### Input
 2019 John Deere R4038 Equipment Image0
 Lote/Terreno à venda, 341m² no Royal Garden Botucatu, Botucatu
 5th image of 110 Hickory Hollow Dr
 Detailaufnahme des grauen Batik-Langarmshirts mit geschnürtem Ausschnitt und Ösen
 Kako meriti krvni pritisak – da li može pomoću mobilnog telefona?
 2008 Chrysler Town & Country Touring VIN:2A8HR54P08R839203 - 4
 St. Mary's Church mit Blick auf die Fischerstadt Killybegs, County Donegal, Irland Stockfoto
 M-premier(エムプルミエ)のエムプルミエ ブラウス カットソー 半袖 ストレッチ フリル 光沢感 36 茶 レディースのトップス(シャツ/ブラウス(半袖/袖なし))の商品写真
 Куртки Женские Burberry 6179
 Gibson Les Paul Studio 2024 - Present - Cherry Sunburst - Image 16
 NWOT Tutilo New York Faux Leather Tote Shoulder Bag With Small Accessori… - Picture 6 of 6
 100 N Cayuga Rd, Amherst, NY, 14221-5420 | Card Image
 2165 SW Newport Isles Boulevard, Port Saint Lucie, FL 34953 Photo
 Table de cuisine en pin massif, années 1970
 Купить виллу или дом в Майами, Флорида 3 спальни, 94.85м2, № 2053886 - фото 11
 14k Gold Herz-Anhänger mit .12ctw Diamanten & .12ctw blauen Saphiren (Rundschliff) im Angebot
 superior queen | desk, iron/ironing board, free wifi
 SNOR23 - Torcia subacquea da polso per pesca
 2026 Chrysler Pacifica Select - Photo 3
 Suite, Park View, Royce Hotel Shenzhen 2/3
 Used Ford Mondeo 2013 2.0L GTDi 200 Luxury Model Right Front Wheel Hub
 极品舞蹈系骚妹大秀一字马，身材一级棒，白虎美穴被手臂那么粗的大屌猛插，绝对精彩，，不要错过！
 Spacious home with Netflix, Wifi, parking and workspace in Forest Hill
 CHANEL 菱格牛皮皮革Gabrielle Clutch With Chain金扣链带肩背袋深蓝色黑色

### Work to complete
The required output is the exact run of lines from the one with "Gibson Les Paul" through the final line of the entries.

### Finished exercise
 Gibson Les Paul Studio 2024 - Present - Cherry Sunburst - Image 16
 NWOT Tutilo New York Faux Leather Tote Shoulder Bag With Small Accessori… - Picture 6 of 6
 100 N Cayuga Rd, Amherst, NY, 14221-5420 | Card Image
 2165 SW Newport Isles Boulevard, Port Saint Lucie, FL 34953 Photo
 Table de cuisine en pin massif, années 1970
 Купить виллу или дом в Майами, Флорида 3 спальни, 94.85м2, № 2053886 - фото 11
 14k Gold Herz-Anhänger mit .12ctw Diamanten & .12ctw blauen Saphiren (Rundschliff) im Angebot
 superior queen | desk, iron/ironing board, free wifi
 SNOR23 - Torcia subacquea da polso per pesca
 2026 Chrysler Pacifica Select - Photo 3
 Suite, Park View, Royce Hotel Shenzhen 2/3
 Used Ford Mondeo 2013 2.0L GTDi 200 Luxury Model Right Front Wheel Hub
 极品舞蹈系骚妹大秀一字马，身材一级棒，白虎美穴被手臂那么粗的大屌猛插，绝对精彩，，不要错过！
 Spacious home with Netflix, Wifi, parking and workspace in Forest Hill
 CHANEL 菱格牛皮皮革Gabrielle Clutch With Chain金扣链带肩背袋深蓝色黑色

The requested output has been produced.